*** Opening Data excerpts ***
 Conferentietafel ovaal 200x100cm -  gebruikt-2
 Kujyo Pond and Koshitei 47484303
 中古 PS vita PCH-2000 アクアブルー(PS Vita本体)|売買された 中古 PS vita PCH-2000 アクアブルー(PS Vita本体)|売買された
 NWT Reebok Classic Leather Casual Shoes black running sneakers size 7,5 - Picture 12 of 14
*** Closing Data excerpts ***
*** Opening Data excerpts ***
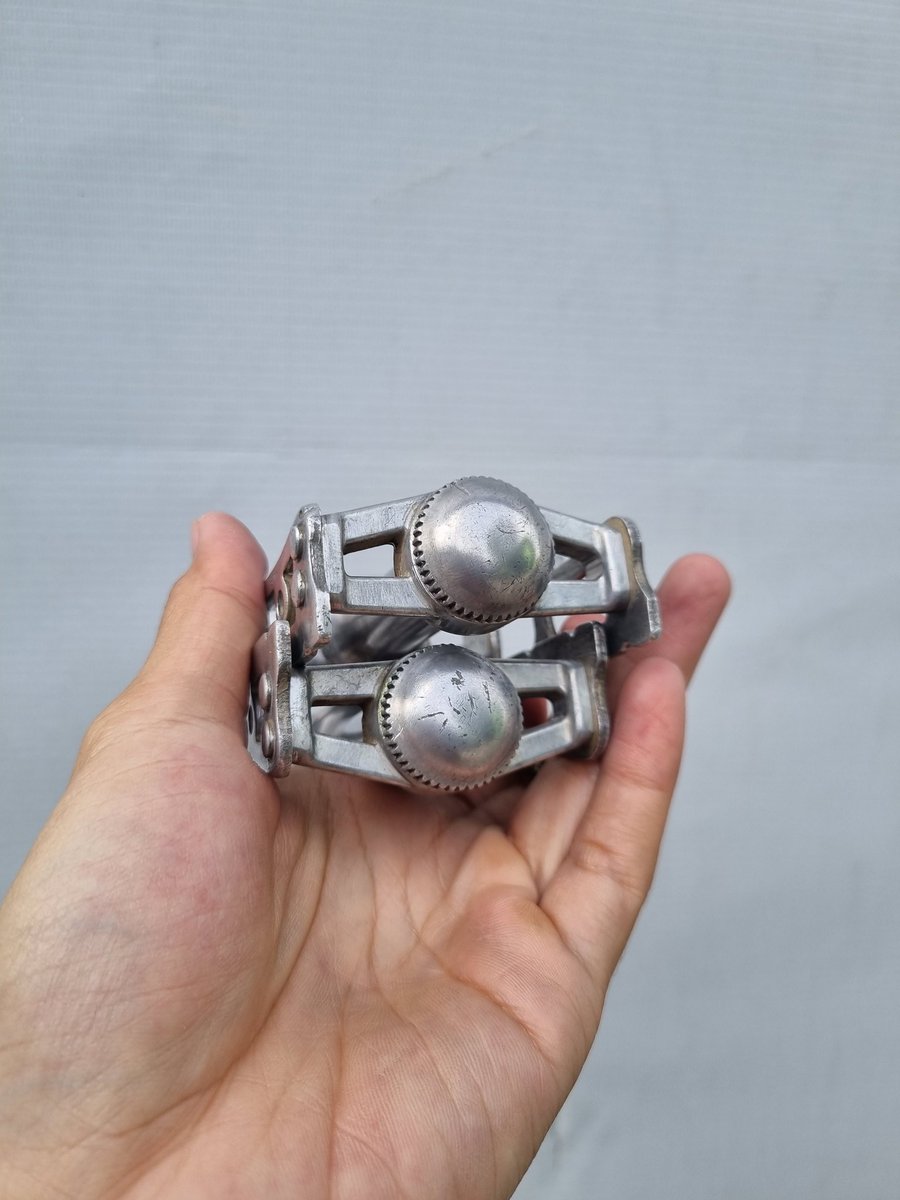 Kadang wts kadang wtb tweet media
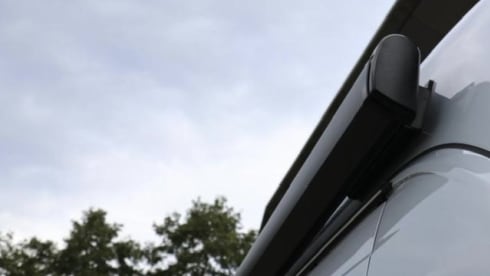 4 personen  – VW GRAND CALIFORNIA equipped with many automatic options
*** Closing Data excerpts ***
• Assignment: Using the listing above, copy exactly the line that contains "Kujyo Pond and Koshitei 47484303", the line that contains "NWT Reebok Classic", and each line that falls between them.

• Output of the task:
 Kujyo Pond and Koshitei 47484303
 中古 PS vita PCH-2000 アクアブルー(PS Vita本体)|売買された 中古 PS vita PCH-2000 アクアブルー(PS Vita本体)|売買された
 NWT Reebok Classic Leather Casual Shoes black running sneakers size 7,5 - Picture 12 of 14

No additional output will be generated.